Shit . She hadn’t even given it a thought, but she could hear the fire fizzing in anger now.

Even her panic felt far away as she shot up to her feet, Aiden there to catch her when her jelly-like legs stumbled too close to the pit.

Her poor, wonky teapot. It might have been terrible, but she’d been excited to see the results of the firing.

And… oh, god, Tilly’s plates. They were in there, too. She’d ruined both of their projects.

‘I need a fire extinguisher!’ she declared.

‘And this is why I oversee the fires,’ Christopher said, and then sauntered over to her with his hot chocolate in hand. ‘Whatever’s the matter, Juniper?’

‘I poured – dropped – my drink into the pit, completely by accident!’

‘You did what ?’ Tilly broke away from the group to rush over, her eyes wide in alarm. ‘My plates! My beautiful, beautiful plates!’

‘I’m so sorry.’ Juniper swallowed the lump of guilt in her throat. How had she been so careless? Why was it always her who made these silly, thoughtless mistakes? ‘Can we save them? Please?’

‘Dear me, this isn’t an episode of Clay’s Anatomy, ’ Chris said. ‘No, we can’t save them. We’ll just have to see if they make it through the night.’
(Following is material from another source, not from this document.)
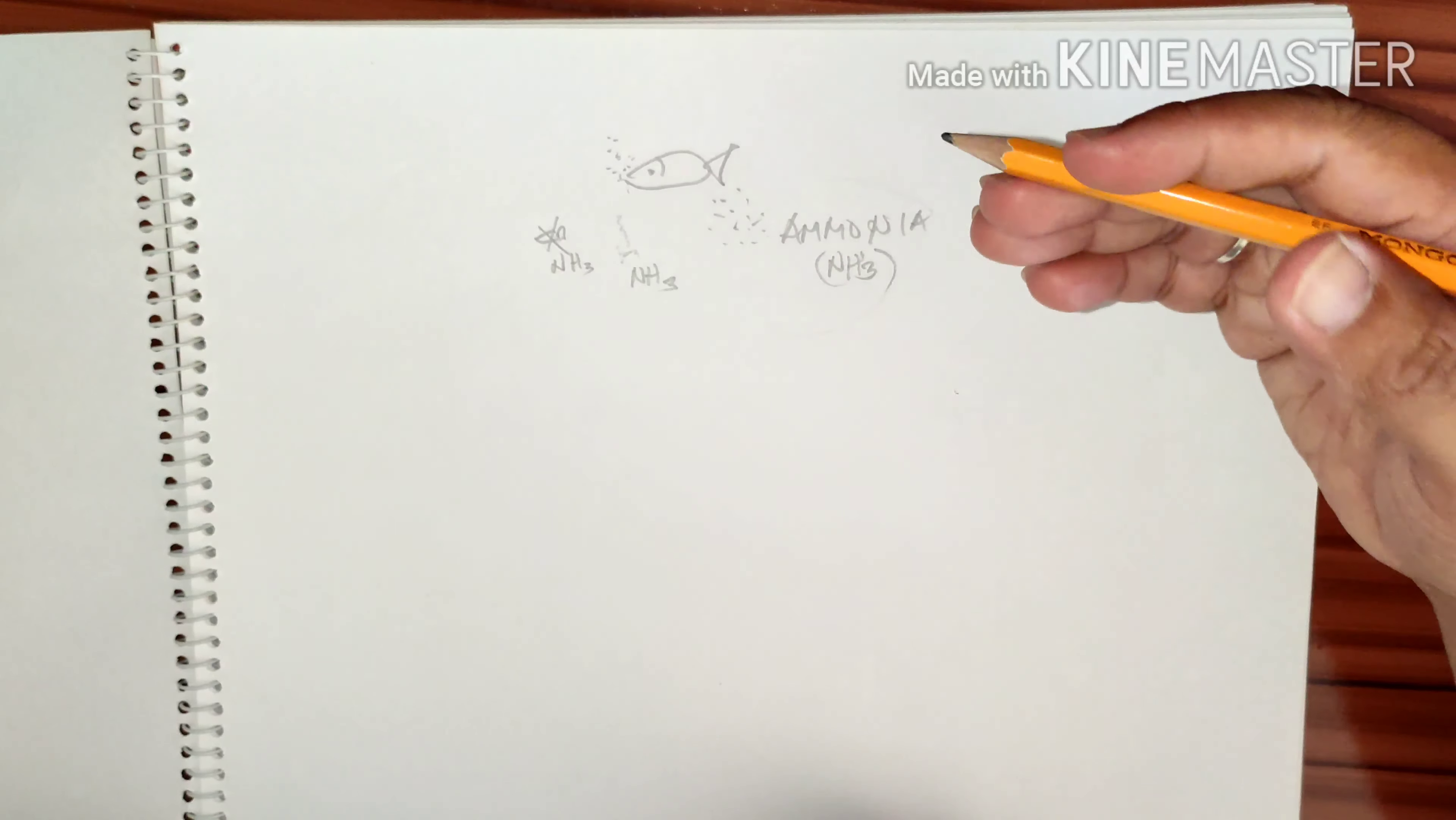That's all guys. I hope you liked this simple video tutorial of this nitrogen cycle. I appreciate it if you liked and subscribe to my channel for more future uploads. Thank you so much and happy fish keeper.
Tilly’s face dropped. Crestfallen. Because of Juniper.

She sank back on weak knees, finding that Aiden’s support was the only thing holding her up. His arms locked around her hips as he said, ‘Chris, do I have permission to take a very ill Juniper home before she damages herself as well as the pots?’
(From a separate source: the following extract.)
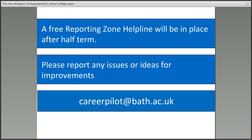There will be a free reporting zone helpline in place after half term — that'll be November 2017. The helpline number will be issued, and there will be somebody available from 9am to 3pm every day to pick up calls or queries related to the reporting zone. In the meantime, you can report any issues or ideas for improvements to our main address: careerpilot@bath.ac.uk. I hope this user guide has been useful and has explained the role of the keeper in schools and colleges.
Christopher squinted. ‘I sensed you had the lurgy. Yes, go, before we all get it.’ He waved her away.

‘But my teapot—’

‘Is probably broken. Like my plates.’ Tilly didn’t sound angry, just devastated. Somehow, that made it worse.

‘Tilly, I’m so sorry,’ Juniper whispered.

‘I know. You’re going through a lot. I just wish…’ Tilly shook her head and closed her eyes. ‘Never mind. Go home. Get some rest. I’ll watch the pit and pray to the kiln goddesses for us both.’

‘They might be fine,’ Aiden provided, but he didn’t sound sure.

Juniper hadn’t been joking about falling into the pit before.

She would have quite happily stepped in and let the fire ruin her like it was their pieces if she thought it might make things right.

Tilly had worked hard on those plates, and she’d been so excited to see what would happen with her copper wiring and recycled yarn.

She didn’t deserve this. She’d been nothing but wonderful to Juniper.

‘C’mon, Juni. Let’s get you home.’ Aiden nudged her, grabbing her backpack from Tilly and slinging it over his shoulder. Juniper didn’t know what to say.

I’m sorry didn’t feel like enough. She walked away from the fires feeling even worse than she had before.